Images for object localization
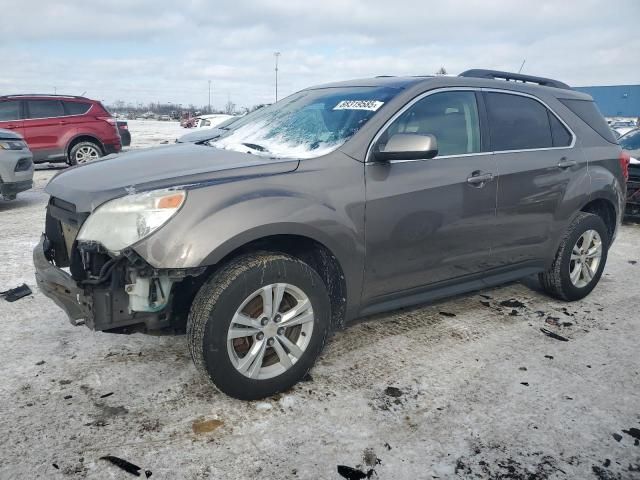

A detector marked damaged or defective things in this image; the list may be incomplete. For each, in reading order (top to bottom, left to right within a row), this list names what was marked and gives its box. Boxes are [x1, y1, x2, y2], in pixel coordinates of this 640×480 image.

crushed front bumper [32, 234, 86, 324]
cracked headlight [77, 188, 186, 253]
damaged gray suv [32, 71, 628, 400]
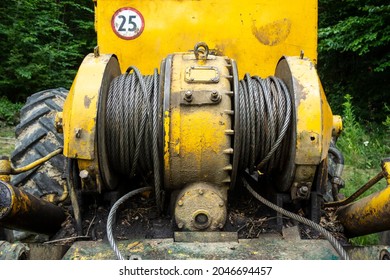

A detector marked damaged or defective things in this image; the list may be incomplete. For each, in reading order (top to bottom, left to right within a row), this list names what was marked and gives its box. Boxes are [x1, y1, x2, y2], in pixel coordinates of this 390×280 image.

chipped yellow paint [94, 0, 316, 76]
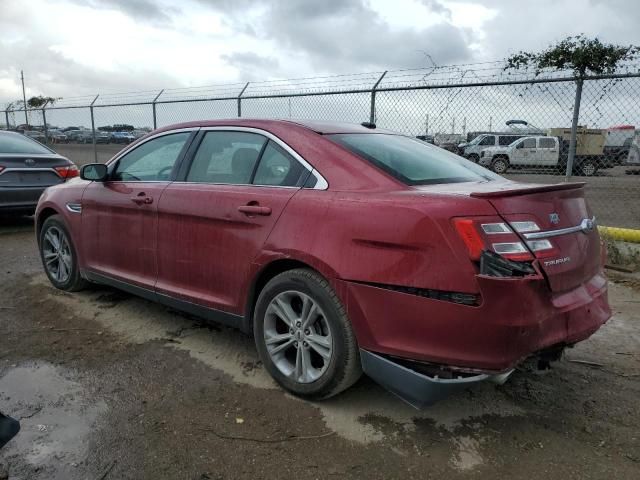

__EXERCISE GOAL__
Give back all of the data exactly, but not the pictures.

__EXERCISE OUTPUT__
A detector marked damaged or defective things in this image; the list may be incomplete. For each, in reading order (top to bottom, left to right within a row), this list names what was marked and gives its box. Boxes are [x1, y1, x2, y2], in pixel coordinates of this 640×480 image.

crushed front bumper [32, 234, 86, 324]
cracked headlight [77, 188, 186, 253]
damaged gray suv [32, 71, 628, 400]

A detector marked damaged or defective things in this image; the list may be incomplete. For each, in reading order (top to bottom, left to right within a row), this list names what was marked and gives its box. Boxes are [x1, y1, x2, y2], in pixel coordinates of this 390×280 image.

chipped yellow paint [94, 0, 316, 76]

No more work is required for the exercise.